Define:
- A vector bundle $E$ over a m-dimension base space $M$, $f: E\rightarrow M $
- A non-contractible loop $L$ in the base space $M$
- The vector bundle of the loop $L$ is $\gamma$ , $g: \gamma \rightarrow L$
Question:
- If the first Stiefel-Whitney class of the vector bundle bundle $\gamma$ is $w_1(\gamma)\neq0$, do we have $w_1(E)\neq0$?
The restriction of a vector bundle $\pi : E \to M$ to $L \subseteq M$ is $E|_L := \pi^{-1}(L)$.
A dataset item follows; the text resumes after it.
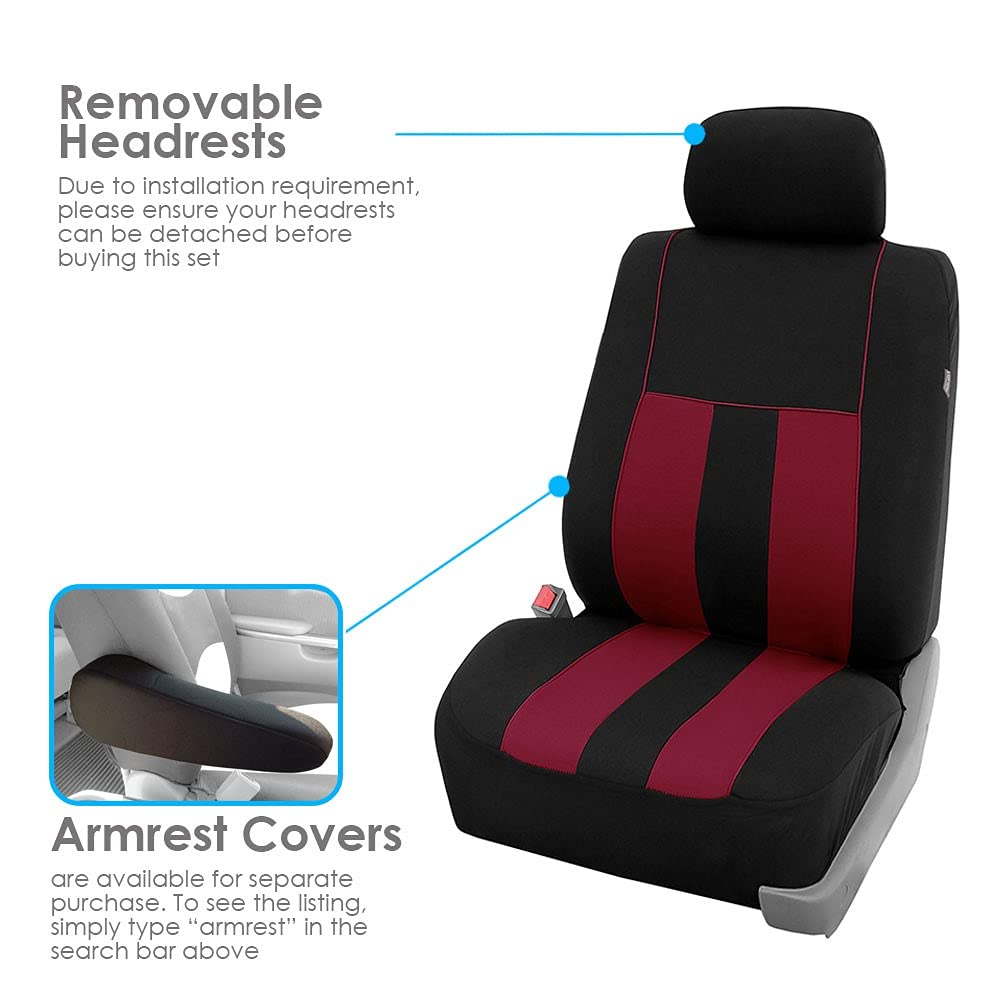 FH Group Car Seat Covers Front Set Cloth -Seat Covers for Low Back Seats with Removable Headrest,Universal Fit,Automotive Seat C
If $i : L \to M$ denotes the inclusion map, then $E|_L \cong i^*E$. To see this, note that the total space of the pullback bundle is given by $i^*E = \{(\ell, e) \in L\times E \mid i(\ell) = \pi(e)\}$, see here. An isomorphism $i^*E \to E|_L$ is given by $(\ell, e) \mapsto e$ with inverse given by $e \mapsto (\pi(e), e)$. With this in mind, we have
$$w_1(E|_L) = w_1(i^*E) = i^*w_1(E).$$
So if $w_1(E) = 0$, then $w_1(E|_L) = i^*w_1(E) = i^*0 = 0$. Therefore, if $w_1(E|_L) \neq 0$, then $w_1(E) \neq 0$.